──────── Data section

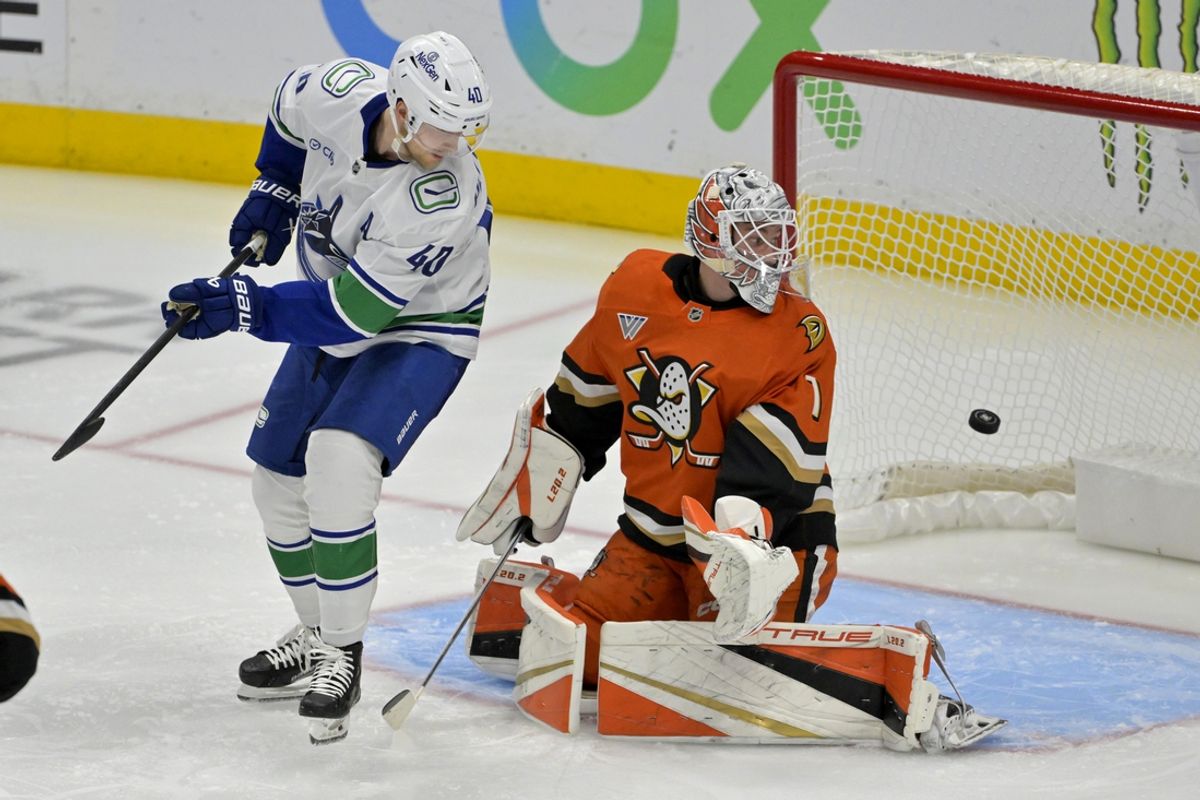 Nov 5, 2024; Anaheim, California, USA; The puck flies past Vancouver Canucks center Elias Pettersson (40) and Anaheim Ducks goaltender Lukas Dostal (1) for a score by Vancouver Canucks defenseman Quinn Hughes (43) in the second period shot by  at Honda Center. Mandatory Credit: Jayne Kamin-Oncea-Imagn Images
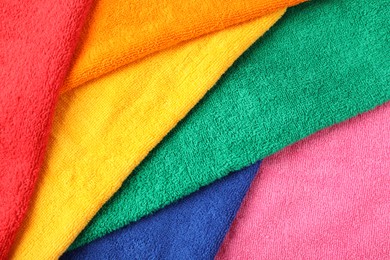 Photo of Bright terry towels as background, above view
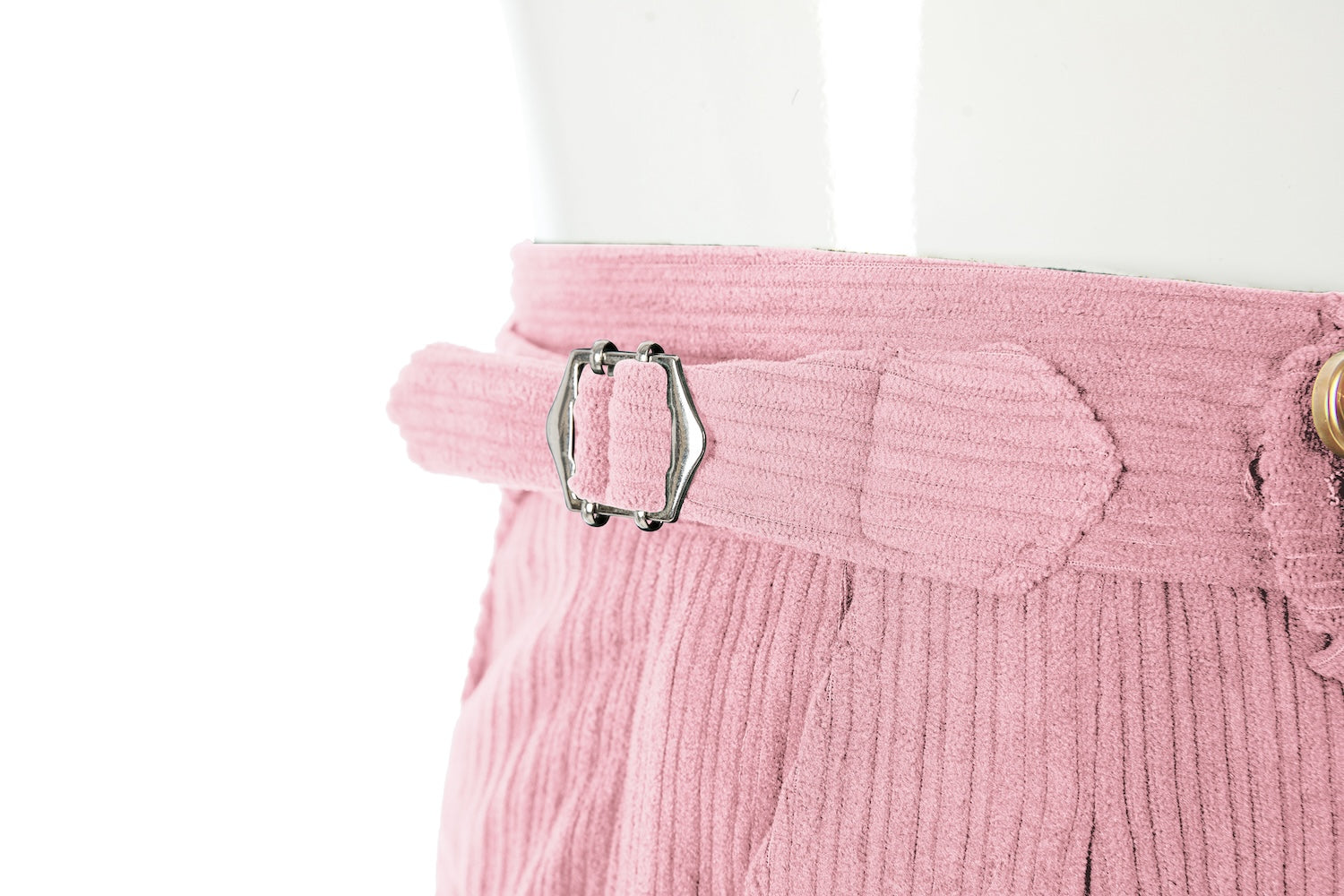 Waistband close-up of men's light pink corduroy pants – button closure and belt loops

────────────────

#### [Brief]
Set down all the material exactly once more. No pictures.

#### [Finished task]
 Nov 5, 2024; Anaheim, California, USA; The puck flies past Vancouver Canucks center Elias Pettersson (40) and Anaheim Ducks goaltender Lukas Dostal (1) for a score by Vancouver Canucks defenseman Quinn Hughes (43) in the second period shot by  at Honda Center. Mandatory Credit: Jayne Kamin-Oncea-Imagn Images
 Photo of Bright terry towels as background, above view
 Waistband close-up of men's light pink corduroy pants – button closure and belt loops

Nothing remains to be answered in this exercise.